Kampfjet F-35

Fixpreis-Debakel: Die falschen «Richtigstellungen» des VBS

Das Verteidigungsdepartement konterte kritische Berichte zum F-35 mehrfach mit «Richtigstellungen». Darin finden sich Passagen, die sich heute als falsch erweisen.

Eingeführt hat das Instrument noch Verteidigungsminister Guy Parmelin: Ab 2017 liess er auf der Website des Verteidigungsdepartements (VBS) jeweils «Richtigstellungen» publizieren, wenn journalistische Beiträge aus Sicht der Verwaltung Fehler enthielten. Als Viola Amherd Anfang 2019 das VBS übernahm, führte sie diese Praxis weiter.

Insgesamt umfasst die Liste der deutschsprachigen «Richtigstellungen» rund 40 Beiträge. Fast die Hälfte davon befasst sich mit der Beschaffung neuer Kampfjets, nicht selten mit der Fixpreis-Thematik. Also mit der von Verteidigungsministerin Amherd und dem VBS verbreiteten Behauptung, dass die USA für die 36 neuen Kampfjets eine verbindliche Preiszusage von 6 Milliarden Franken gemacht hätten. Aufgrund einer Untersuchung der Geschäftsprüfungs­kommission (GPK) des Nationalrats wissen wir seit letztem Dienstag: Einen garantierten Fixpreis hat es nie gegeben.

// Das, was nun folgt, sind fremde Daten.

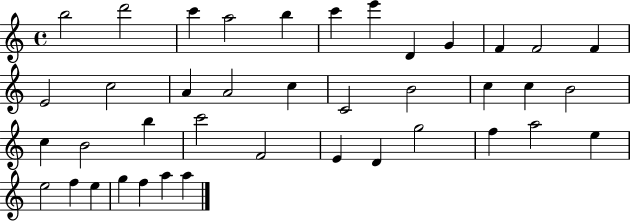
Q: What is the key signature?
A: C major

Vor diesem Hintergrund entpuppen sich aus heutiger Sicht Passagen in den «Richtigstellungen» des VBS als unzutreffend.

Bereits am 31. August 2021 liess das «Echo der Zeit» von Radio SRF einen US-Experten zu Wort kommen, der erklärte, sogar die US-Regierung habe vom Hersteller des F-35, Lockheed Martin, keine Preisgarantie erhalten. Die US-Regierung garantiere der Schweiz bloss den gleichen Preis, den sie selbst für die Kampfjets bezahle.

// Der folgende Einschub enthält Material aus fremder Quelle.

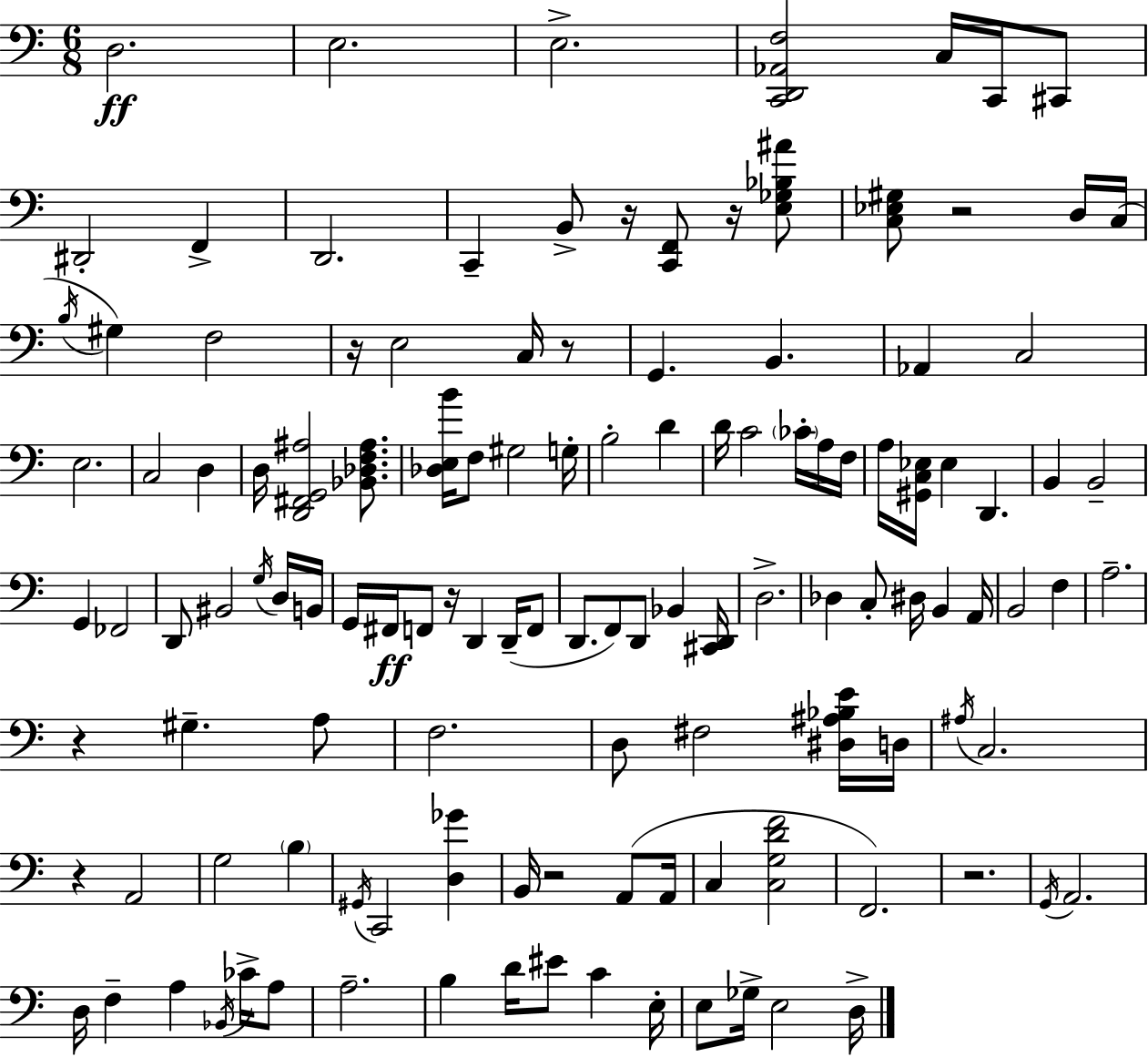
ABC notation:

X:1
T:Untitled
M:6/8
L:1/4
K:Am
D,2 E,2 E,2 [C,,D,,_A,,F,]2 C,/4 C,,/4 ^C,,/2 ^D,,2 F,, D,,2 C,, B,,/2 z/4 [C,,F,,]/2 z/4 [E,_G,_B,^A]/2 [C,_E,^G,]/2 z2 D,/4 C,/4 B,/4 ^G, F,2 z/4 E,2 C,/4 z/2 G,, B,, _A,, C,2 E,2 C,2 D, D,/4 [D,,^F,,G,,^A,]2 [_B,,_D,F,^A,]/2 [_D,E,B]/4 F,/2 ^G,2 G,/4 B,2 D D/4 C2 _C/4 A,/4 F,/4 A,/4 [^G,,C,_E,]/4 _E, D,, B,, B,,2 G,, _F,,2 D,,/2 ^B,,2 G,/4 D,/4 B,,/4 G,,/4 ^F,,/4 F,,/2 z/4 D,, D,,/4 F,,/2 D,,/2 F,,/2 D,,/2 _B,, [^C,,D,,]/4 D,2 _D, C,/2 ^D,/4 B,, A,,/4 B,,2 F, A,2 z ^G, A,/2 F,2 D,/2 ^F,2 [^D,^A,_B,E]/4 D,/4 ^A,/4 C,2 z A,,2 G,2 B, ^G,,/4 C,,2 [D,_G] B,,/4 z2 A,,/2 A,,/4 C, [C,G,DF]2 F,,2 z2 G,,/4 A,,2 D,/4 F, A, _B,,/4 _C/4 A,/2 A,2 B, D/4 ^E/2 C E,/4 E,/2 _G,/4 E,2 D,/4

In der öffentlichen «Richtigstellung» schrieb das VBS damals: «Diese Darstellung ist falsch.» Und weiter: «Die Offerte und die darin offerierten Zahlen sind verbindlich.» Heute wissen wir: Diese «Richtigstellung» ist falsch.

Medien waren sogar zu vorsichtig

Ein weiteres Beispiel betrifft einen Bericht der «SonntagsZeitung» vom 22. Mai 2022. Die Zeitung kam gestützt auf Budgetdaten der USA zum Schluss, der Schweiz könnten «Mehrkosten zwischen einer halben und einer Milliarde Franken entstehen».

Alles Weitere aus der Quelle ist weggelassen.